そこで同社は、まず実際に試してみることを決断し、PoCを通じて精度検証を行うことにした。PoCでは、ティアフォー側がデータを取得し、モルフォがキャリブレーションを実行、その精度を同社で確認するというプロセスで進められた。

■PoC①:基本的な精度検証 村木氏は「サンプル数はまだ少なかったものの、実際にいただいた結果を確認すると、従来手法と同程度の精度が確認でき、ファーストインプレッションとして手応えがありました」と評価する。

■PoC②:推定パラメーターの信頼度導出の検証 同社から要望のあった推定パラメーターの信頼度導出の検証を実施。キャリブレーション精度の定量的評価という新たな価値も確認された。 村木氏は「今まで主観的な評価が中心だったので、定量的な評価が入ることで、より精度が高く安定したキャリブレーションが行えるのではないかと期待しました」と語る。

導入効果:工数大幅削減と定量評価による品質向上を実現

2025年9月のライセンス導入後、同社では段階的に現場への展開を進めている。最も大きな効果が、キャリブレーション工数の大幅削減だ。
「元々の目的でもあったのですが、一度に全てのカメラのキャリブレーションができるので、キャリブレーション工数が大幅に削減できる見込みです」と、村木氏はその効果を説明する。導入直後の時点で、実データで試した際には、処理の煩雑さや処理にかかる時間が大幅に削減されることが確認されており「早く現場に導入して、工数を実際に削減していきたい」と期待を寄せる。

また、屋外作業という環境特性上、特に寒冷期における作業者の身体的負担軽減も期待される。「このキャリブレーションは現在屋外での作業になりますので、特にこれから寒い時期になると、作業者の身体的な負担や、数字で測れない部分の負担削減も効果として見込めるのではないかと思っています」と村木氏は付け加えた。
技術面では、2回目のPoCで検証したように信頼度評価による定量的な品質管理が可能になったことが大きな進歩として評価された。
「今まで主観的な評価が中心だったので、定量的な評価が入ってくることで、より精度が高く安定したキャリブレーションが行えるのではないかと思っています」と村木氏は語る。

また、モルフォのサポート体制も高く評価されている。
村木氏は「弊社は社内のコミュニケーションツールにSlackを使っていますが、モルフォ社ともSlackを通じて普段と変わらないスムーズなコミュニケーションができました。また、PoCを進めるにあたってのデータ変換についても、必要なタイミングで柔軟にご対応いただけたので、既存データをスムーズにSDKに入力して評価することができました」とのコメントを寄せました。

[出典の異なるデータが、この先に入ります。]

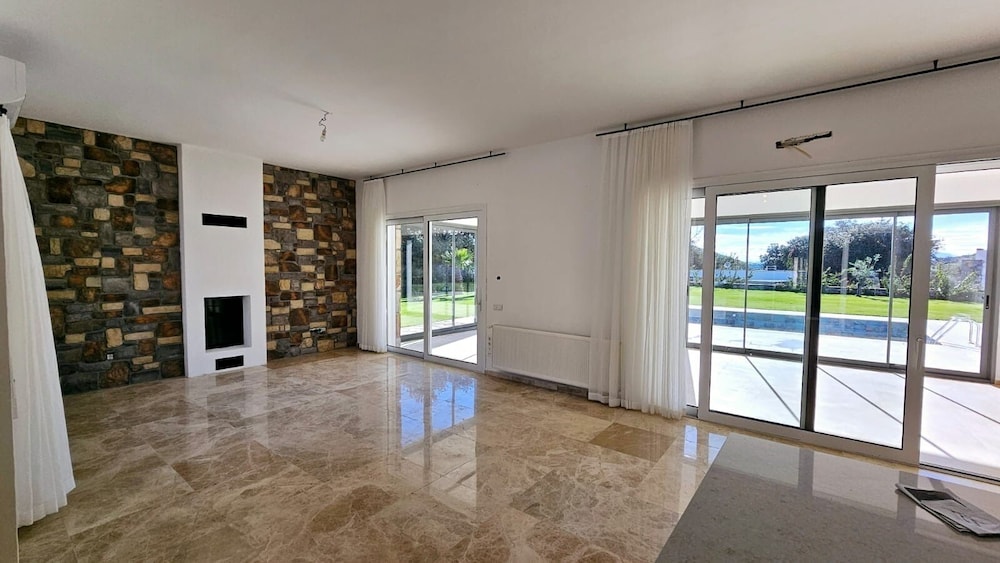 Ibak Sunny Evleri - Image 108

今後の展開:多様な車両・環境への展開と技術進化への期待

▲ 木村氏

ティアフォー社では、バス以外にもさまざまな車両を開発しており、公道や閉鎖空間など幅広い環境で自動運転車両が活用されている。そのため、どの車両でも安定してキャリブレーションできる仕組みは重要だ。
木村氏は今後について「当社ではバス以外の車両も構築しており、どの車両もカメラが多く搭載されているため、カメラのキャリブレーションはどの車両においても重要な技術です。今後、バス以外にもどんどん展開していきたい」と今後の展開にも意欲を示す。

また、「運用中もキャリブレーションの要否が判断できるような技術や、カメラだけでなくLiDAR側のキャリブレーションへの展開も期待しています」と、今後のMorpho Visual Calibratorの開発に対しても期待を寄せている。
モルフォは今後も、自動運転車両の開発におけるキャリブレーション技術の高度化と効率化を支援していく予定である。